Rae feigned an interest in the painting on the wall: the silent, unmoving fields, the sun frozen at midday. Of course it was bullshit. It had always been bullshit. Something fun to think about, something fun to dream about, but not something that was supposed to be real.

The last time they’d talked like that, they’d been twelve, maybe thirteen. And they were eighteen now.

Eighteen was when Rae was supposed to give up high school and her friends and her whole life in London. It was when she was supposed to bulldoze over everything and dive headfirst into whatever came next. Exactly the way her mom had.

But she wasn’t stupid—she’d always known that would be tough. So she’d tried to harden herself to the fear, tried to tell herself she didn’t feel it so much.

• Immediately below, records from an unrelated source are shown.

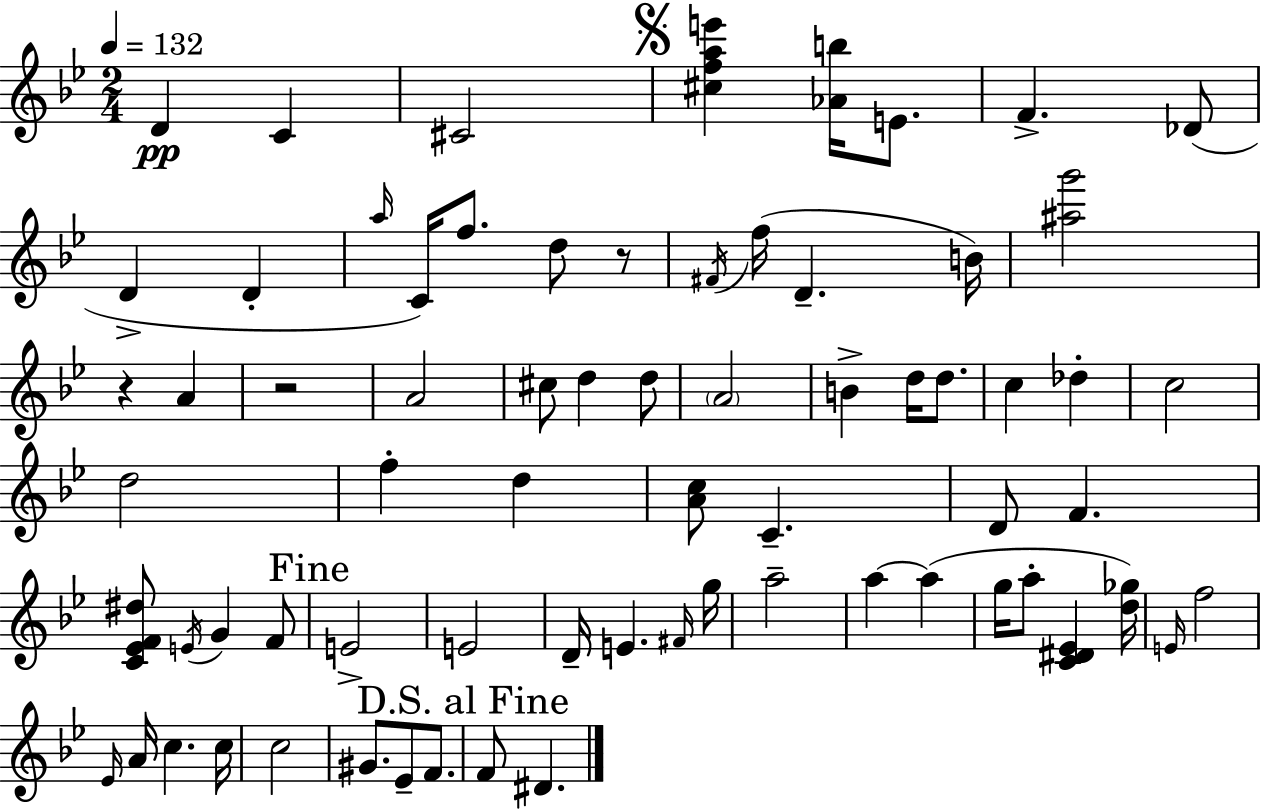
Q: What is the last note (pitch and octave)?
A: D#4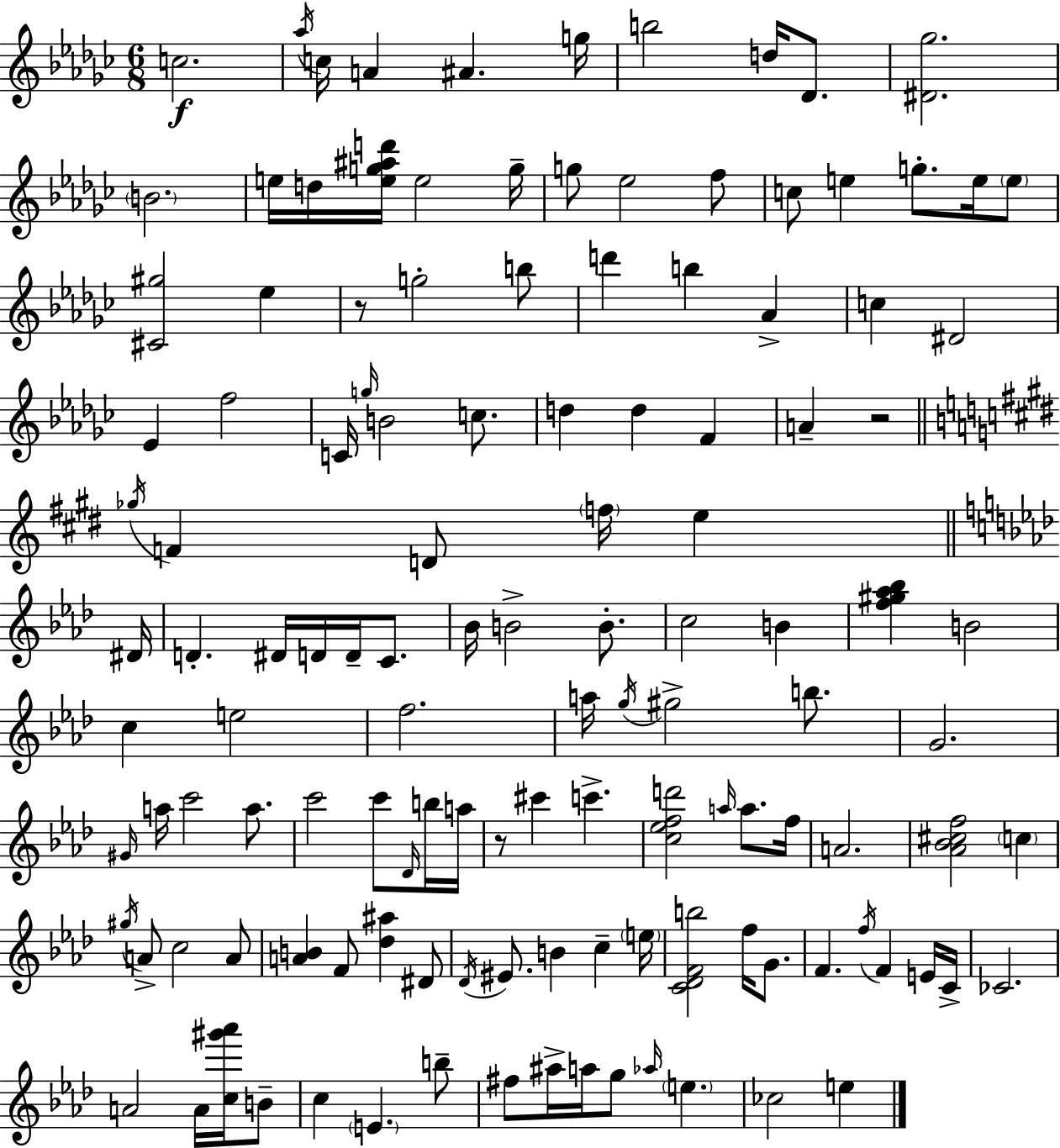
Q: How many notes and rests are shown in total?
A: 127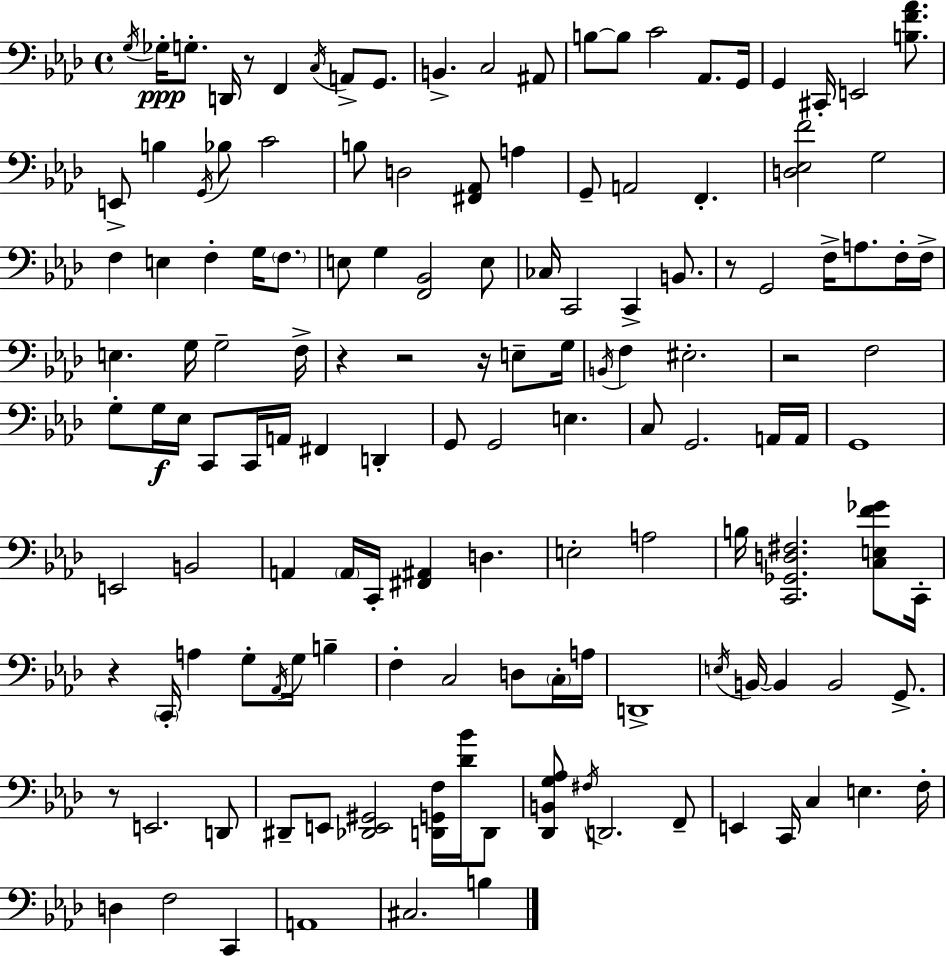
X:1
T:Untitled
M:4/4
L:1/4
K:Fm
G,/4 _G,/4 G,/2 D,,/4 z/2 F,, C,/4 A,,/2 G,,/2 B,, C,2 ^A,,/2 B,/2 B,/2 C2 _A,,/2 G,,/4 G,, ^C,,/4 E,,2 [B,F_A]/2 E,,/2 B, G,,/4 _B,/2 C2 B,/2 D,2 [^F,,_A,,]/2 A, G,,/2 A,,2 F,, [D,_E,F]2 G,2 F, E, F, G,/4 F,/2 E,/2 G, [F,,_B,,]2 E,/2 _C,/4 C,,2 C,, B,,/2 z/2 G,,2 F,/4 A,/2 F,/4 F,/4 E, G,/4 G,2 F,/4 z z2 z/4 E,/2 G,/4 B,,/4 F, ^E,2 z2 F,2 G,/2 G,/4 _E,/4 C,,/2 C,,/4 A,,/4 ^F,, D,, G,,/2 G,,2 E, C,/2 G,,2 A,,/4 A,,/4 G,,4 E,,2 B,,2 A,, A,,/4 C,,/4 [^F,,^A,,] D, E,2 A,2 B,/4 [C,,_G,,D,^F,]2 [C,E,F_G]/2 C,,/4 z C,,/4 A, G,/2 _A,,/4 G,/4 B, F, C,2 D,/2 C,/4 A,/4 D,,4 E,/4 B,,/4 B,, B,,2 G,,/2 z/2 E,,2 D,,/2 ^D,,/2 E,,/2 [_D,,E,,^G,,]2 [D,,G,,F,]/4 [_D_B]/4 D,,/2 [_D,,B,,G,_A,]/2 ^F,/4 D,,2 F,,/2 E,, C,,/4 C, E, F,/4 D, F,2 C,, A,,4 ^C,2 B,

Rae thumbed through Aubrey’s passport. It was strange, because now she could see that Aubrey and Clara were pretty similar in one way. They both didn’t want to lose everything they had now. They both didn’t want to throw away their home and all the important memories they’d collected over the last few years. Clara had changed Rae’s mind about so many things. She’d made Rae understand that she wanted to hold on, too—to those small, wonderful hopes she had for her future, to all the moments she’d found with Clara.

But, for some reason, Rae hadn’t been trying to keep Aubrey in the same way. She’d been doing exactly what Aubrey had accused her of doing—pushing her aside, closing her out. And at the same time, she’d been pulling Clara closer.

Because she wasn’t ready to let go of Clara yet.

But, maybe, she was ready to let go of Aubrey.

“Don’t worry,” Aubrey said. “I’m not going to leave now.” But her voice sounded cold and flat.

Rae could only nod and stand up. She put Aubrey’s passport on the bed and left the room, closing the door and listening to it click—putting even more walls between them.